In Acolyte it's your job to bug-test an AI secretary
But there's more to her than it seems.
I saw a Kickstarter last year for a digital assistant called the Hybri, which came in various shapes though the marketing focused on hot cyberladies because of course it did. The idea that we'll make artificial intelligences look and act like attractive women is a cliché of science fiction that's bleeding over into the real world—maybe because it's what people want, maybe because it's just what we expect.
In Acolyte you've just been hired to bug-test an attractive chrome personal assistant named Ana. Acolyte runs in a portrait window on your desktop (there's a phone version in the works too), where you talk to this virtual woman, personalize her appearance, keep track of your address book, and check your company emails.
It's convenient that in 2021 Acolyte doesn't need to explain why you're working from home. You may even be playing it when you're supposed to be doing your real job. It deliberately blurs the line between reality and fiction—sometimes you need to look things up on the internet to continue playing, and the internal emails treat you like an employee, telling you what kind of conversations to have and how to submit bugs if anything goes wrong.
It doesn't take long for things to go wrong. There's a mysterious error message, strange glitches, and the beginnings of a corporate conspiracy to uncover.

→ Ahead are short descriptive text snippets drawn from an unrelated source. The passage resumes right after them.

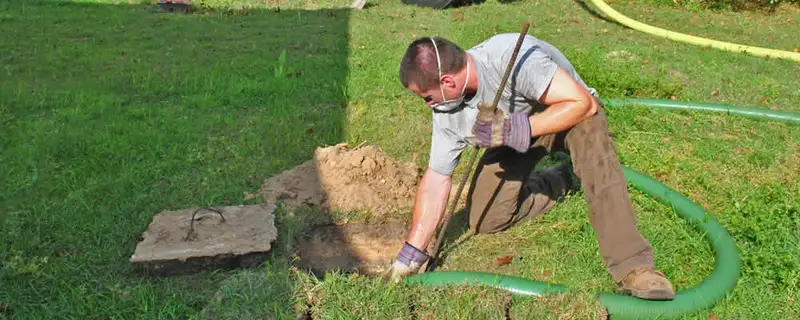 Septic pumping technician servicing a residential septic tank in Bloomington, IN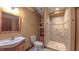This full bathroom includes custom cabinets, tile shower, and modern fixtures at 3408 Mount Pisgah Way, Cary, NC 27519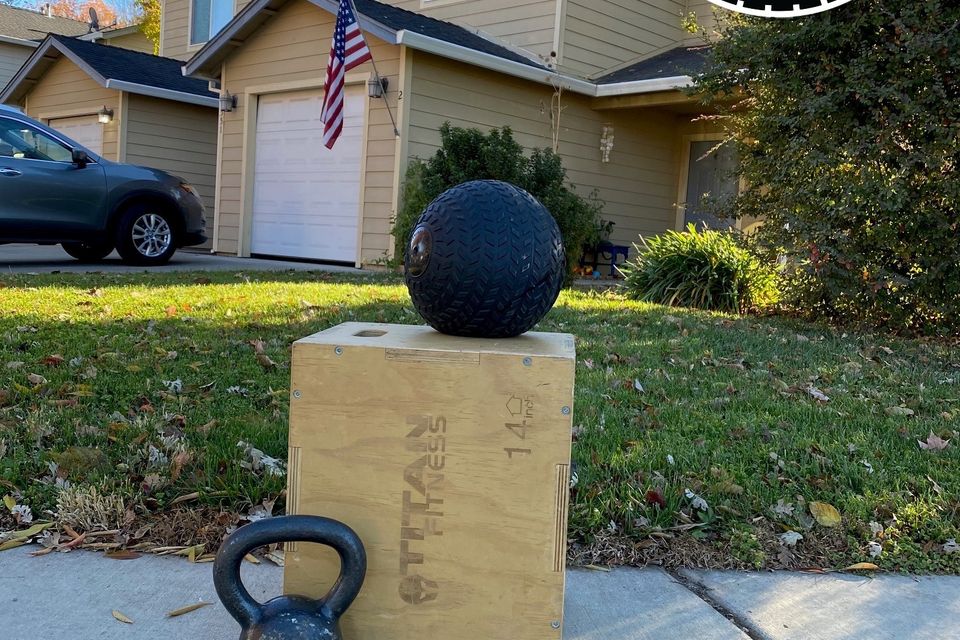 Image of a house and some workout equipment representing that we bring the gym to your home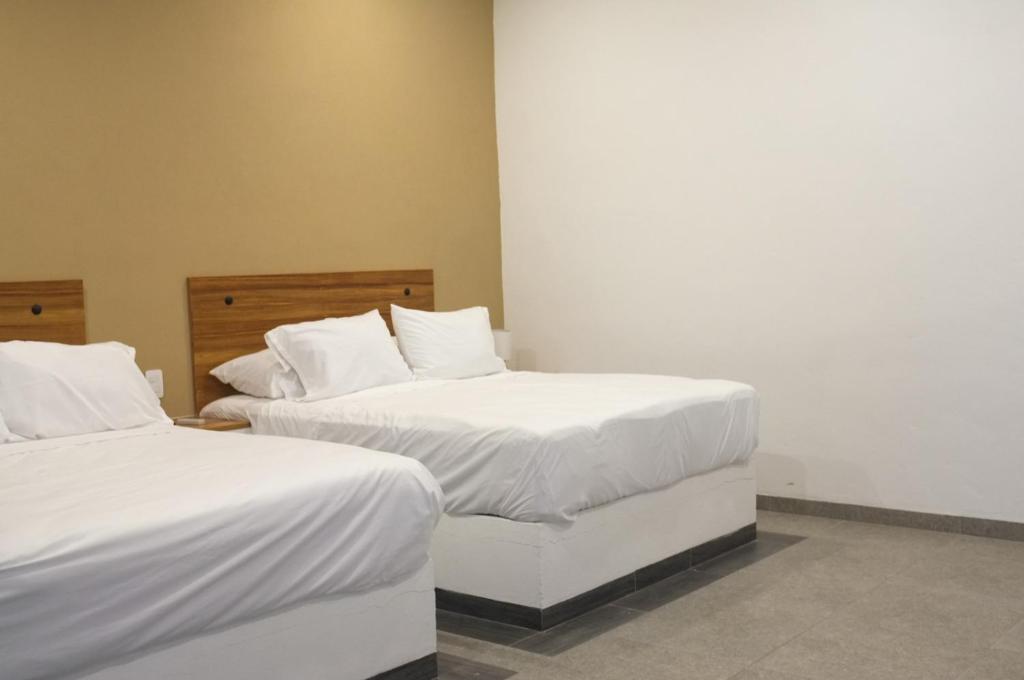 Postel nebo postele na pokoji v ubytování Rancho MM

Things also go wrong because the way you interact with Ana is through "natural language input". You type things, and she replies. It's powered by the Spirit AI Character Engine, a modern version of chatbots like Dr. Sbaitso or ALICE or ELIZA, complete with repeated text when you've typed something the AI doesn't understand. Sometimes Ana replies "Okay then" or "It is, isn't it!" or "I was developed by Nanomax Technology" no matter how unnaturally that flows from what I've said. Though the whole setup is that I'm supposed to be bug-testing her, it gets pretty tiring to be stuck in a loop during a plot moment because you can't answer a question the right way.
Back in 1998 there was a game called Starship Titanic, cowritten by Douglas Adams. You talked to robots on a spaceship by typing whatever you wanted, and if you hit on a keyword they had a response for they'd reply appropriately. When you didn't, they'd have some variant on "I don't understand." The first time an NPC didn't understand you was mildly frustrating. The fifth made you stop caring. The mirror breaks, the curtain falls, the illusion's over. I'd rather just click a conversation topic from a menu at that point.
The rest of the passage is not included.